Your objective :: Set down each line of the material that follows, exactly, with no pictures.

Provided records ::
[Start of Attachment]

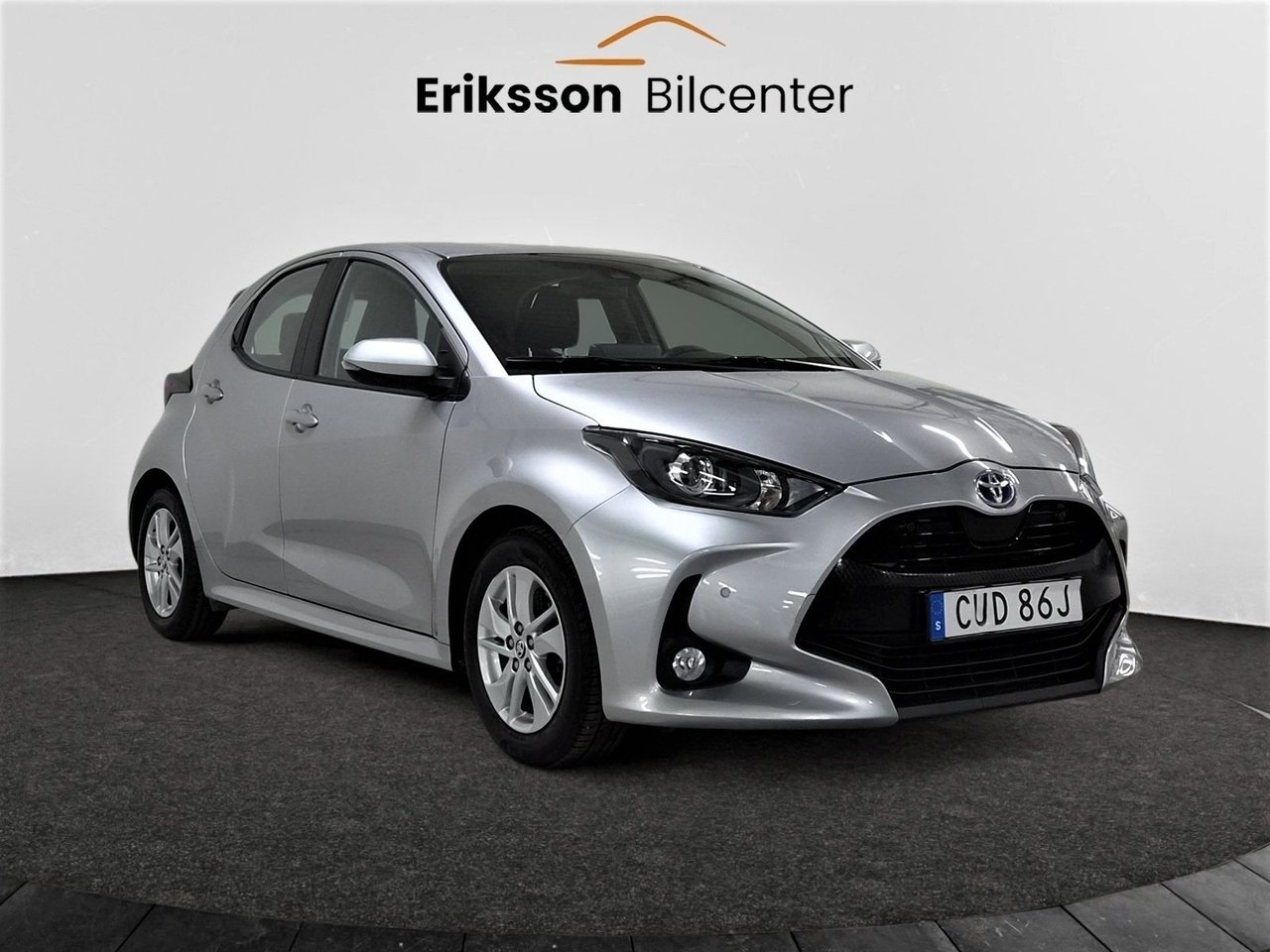Toyota Yaris 2023, bild 2/10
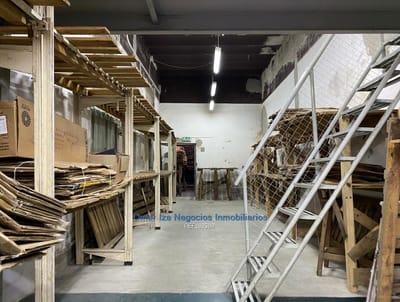 Venta CON RENTA local la comercial deposito industria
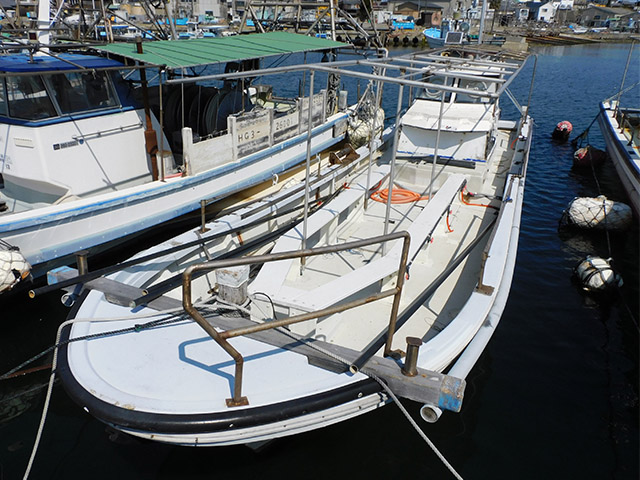 【橘丸】左斜め前方より(別船)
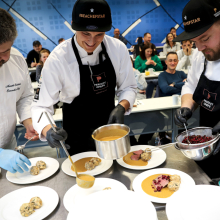 Perfect Chefs – vývary | Hovězí steak se svíčkovou omáčkou, špekovým knedlíkem a marinovanými brusinkami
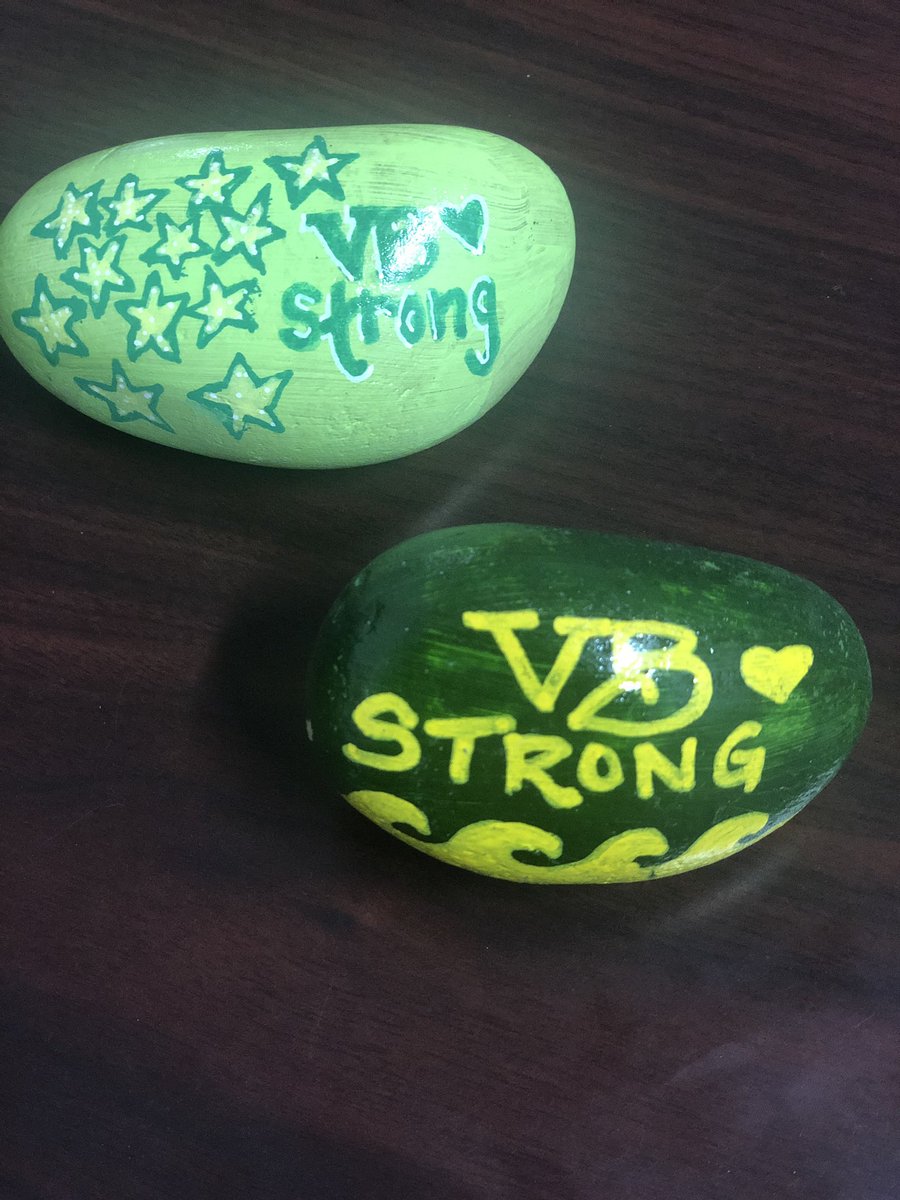 JessBowmanSAC's tweet photo. Look what I got today!! Thank you @kmtroch!! 💛💚 #trochrocks #vbstrong https://t.co/vKdbKAIXSU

[End of Attachment]

Exercise response ::
Toyota Yaris 2023, bild 2/10
 Venta CON RENTA local la comercial deposito industria
 【橘丸】左斜め前方より(別船)
 Perfect Chefs – vývary | Hovězí steak se svíčkovou omáčkou, špekovým knedlíkem a marinovanými brusinkami
 JessBowmanSAC's tweet photo. Look what I got today!! Thank you @kmtroch!! 💛💚 #trochrocks #vbstrong https://t.co/vKdbKAIXSU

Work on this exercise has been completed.